DATA>
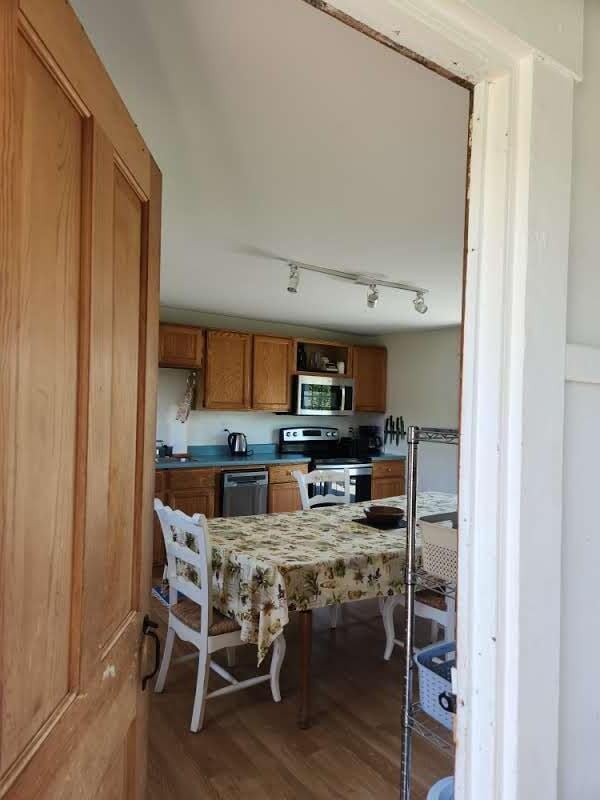 kitchen with hardwood / wood-style flooring and appliances with stainless steel finishes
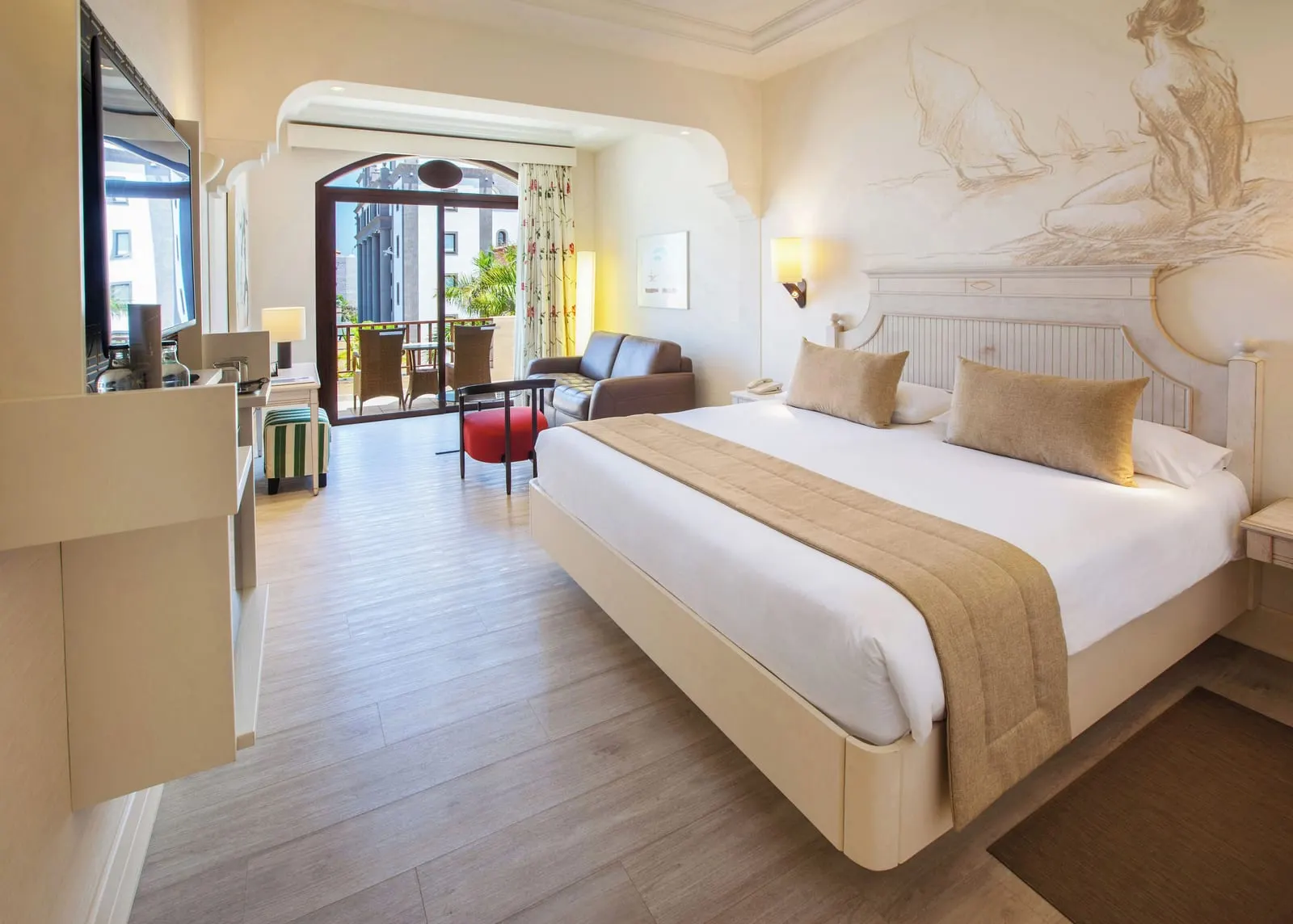 Double Standard at Lopesan Villa del Conde Resort & Thalasso: a king bed under a sketched mural, a small leather sofa, a red chair and an arched glass door to a balcony with wicker chairs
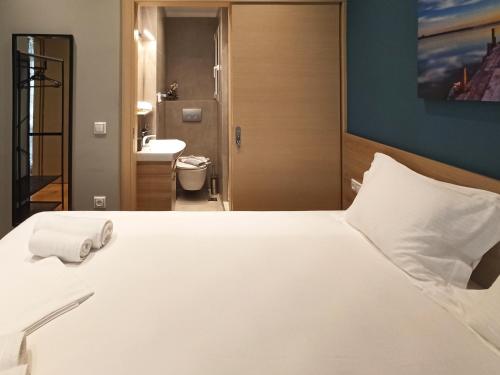 1 Schlafzimmer mit einem großen weißen Bett und einem Badezimmer in der Unterkunft Athens Sweet Home in Athen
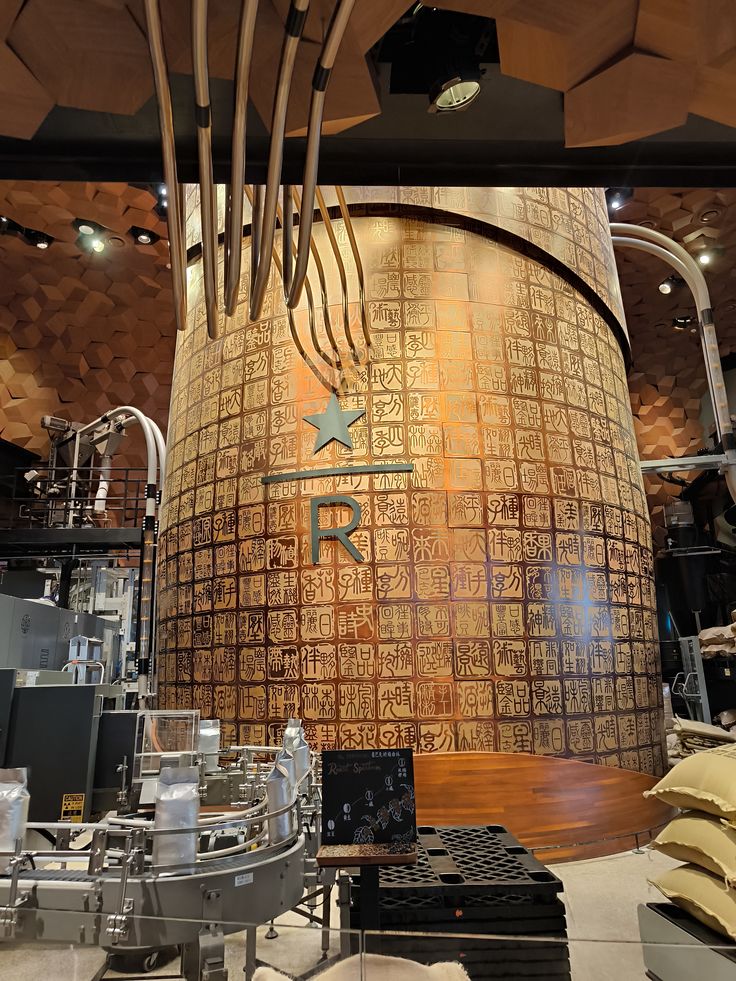 Large ornate copper roasting cask with engraved tiles and copper pipes inside Starbucks Reserve Roastery Shanghai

TASK DETAILS> Before copying the data, remove the pictures. Then repeat the rest exactly.

FINAL ANSWER>
 kitchen with hardwood / wood-style flooring and appliances with stainless steel finishes
 Double Standard at Lopesan Villa del Conde Resort & Thalasso: a king bed under a sketched mural, a small leather sofa, a red chair and an arched glass door to a balcony with wicker chairs
 1 Schlafzimmer mit einem großen weißen Bett und einem Badezimmer in der Unterkunft Athens Sweet Home in Athen
 Large ornate copper roasting cask with engraved tiles and copper pipes inside Starbucks Reserve Roastery Shanghai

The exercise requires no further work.